Records to use:
· · ·

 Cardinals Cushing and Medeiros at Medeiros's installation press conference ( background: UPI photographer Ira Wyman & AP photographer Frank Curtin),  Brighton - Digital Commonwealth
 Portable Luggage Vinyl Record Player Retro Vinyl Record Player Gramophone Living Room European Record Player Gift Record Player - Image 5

· · ·

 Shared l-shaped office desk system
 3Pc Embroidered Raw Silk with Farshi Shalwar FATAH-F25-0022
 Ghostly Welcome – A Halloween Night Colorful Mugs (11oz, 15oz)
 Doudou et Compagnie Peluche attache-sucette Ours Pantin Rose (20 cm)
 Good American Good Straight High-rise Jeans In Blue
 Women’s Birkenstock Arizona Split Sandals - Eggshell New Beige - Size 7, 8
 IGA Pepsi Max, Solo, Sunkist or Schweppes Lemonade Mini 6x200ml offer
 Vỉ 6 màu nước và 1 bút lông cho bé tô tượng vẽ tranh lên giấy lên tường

· · ·

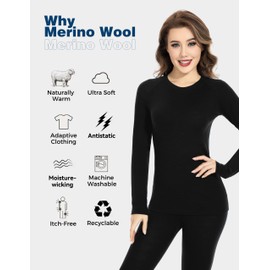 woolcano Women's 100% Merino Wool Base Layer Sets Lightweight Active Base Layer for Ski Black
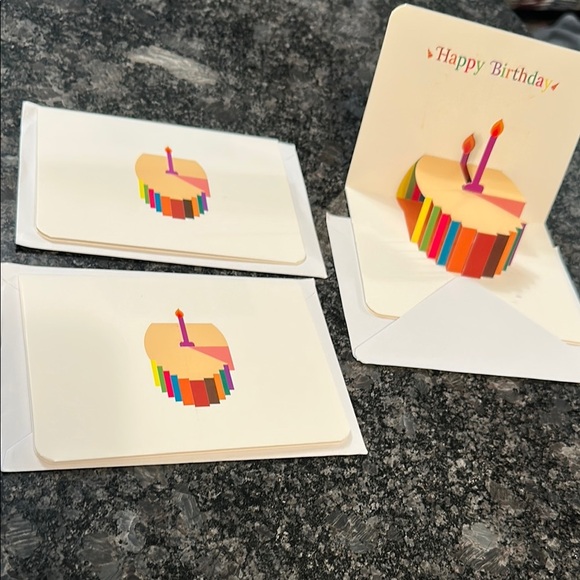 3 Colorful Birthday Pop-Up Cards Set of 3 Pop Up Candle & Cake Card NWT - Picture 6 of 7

· · ·

Above are records; repeat only the lines from the line with "woolcano Women's 100%" through the line with "3 Colorful Birthday", and leave pictures out.

 woolcano Women's 100% Merino Wool Base Layer Sets Lightweight Active Base Layer for Ski Black
 3 Colorful Birthday Pop-Up Cards Set of 3 Pop Up Candle & Cake Card NWT - Picture 6 of 7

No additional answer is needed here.